The Mayhem Poets are influenced by rap and hip-hop music and artists, as well as other contemporary and traditional poets. Below is a brief intro to four important U.S. poets.

Walt Whitman, 1819–1892

Walt Whitman is arguably one of America’s most influential poets. He was born into a working class family in West Hills, Long Island, on May 31, 1819. During his childhood, the Whitman family moved around Brooklyn where he loved living close to the East River. As a child, this is where he rode the ferries back and forth to New York City, an experience that would remain significant in his life.

Maya Angelou, 1928–

One of the great voices of contemporary American literature, Dr. Maya Angelou is an acclaimed poet, educator, historian, author, actress, playwright, civil-rights activist, producer, and director. She captivates her audience lyrically with vigor, fire, and perception, and has the unique ability to shatter the boundaries of race and class.
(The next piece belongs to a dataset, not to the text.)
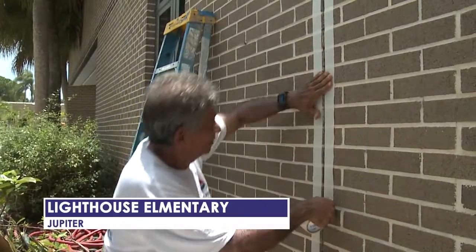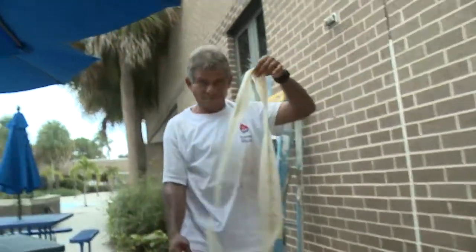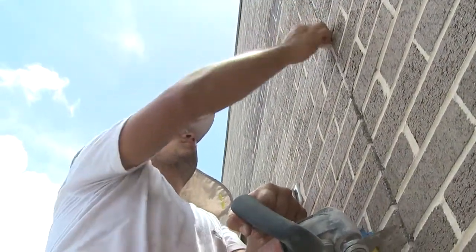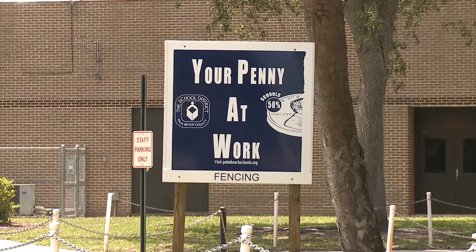It's the attention to detail that will ensure Lighthouse Elementary in Jupiter stays waterproof for years to come. Now you see the difference. The massive job to seal every doorway, window, and expansion joint at this school is paid for using money from the one cent sales tax passed by voters last fall. When we're done with this project, the school is going to be looking beautiful — sealed, waterproofed, all the doors painted. It's going to be looking really nice.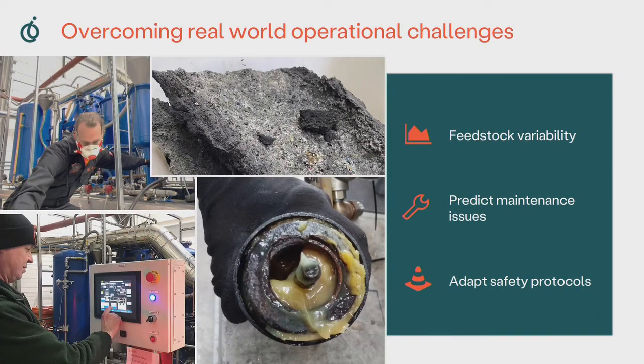We have experienced three main fail focus points within our system: feedstock entry, management of the residual or waste solid streams, and the control systems. Firstly, feedstock entry.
Langston Hughes, 1902–1967

Langston Hughes was and remains one of the most popular writers of the Harlem Renaissance. He gave hopeful expression to the aspirations of the oppressed, even as he decried racism and injustice. His work continues to serve as a model for empathy and social commitment.

The History of Slam Poetry

Spoken-word poetry has been around for hundreds of years. Many of the poems that students still study in books began as performance pieces. William Shakespeare is probably the best-known performance poet, because all of his plays were written in verse and were meant to be performed. In fact, it was Shakespeare’s actors who finally wrote his plays down so that we can study them today. Without this effort, all of his great plays would have died on the stage, soon after they were performed.

Spoken-word also has strong roots in the West African griot tradition. The griot was a storyteller and historian who spoke or sung the history of his people, and was the basis of an oral tradition that is still alive today among Africans in their homeland, and in the Diaspora.

Slam poetry first saw its rise in Chicago in 1985 at a jazz club called the Green Mill where a construction worker named Marc Smith (a.k.a. Papi) structured a lyrical boxing match pitting poets one-on-one, to be judged by audience members chosen randomly, who scored the poets from 0-10. From there it caught fire in larger cities such as New York and San Francisco. In New York City, the Nuyorican Poet’s Café in the east village eventually became the Mecca of Performance Poetry (largely in part to the vision of its co-founders Miguel Algarin and Bob Holman). Spoken-word poetry as an art form often merges with theater, hip-hop, music, and even stand-up comedy as poets work to impress the crowd and win high scores from the judges. Poets sometimes wear costumes, incorporate songs or chants in their poetry, and can have a funny, serious, or political message.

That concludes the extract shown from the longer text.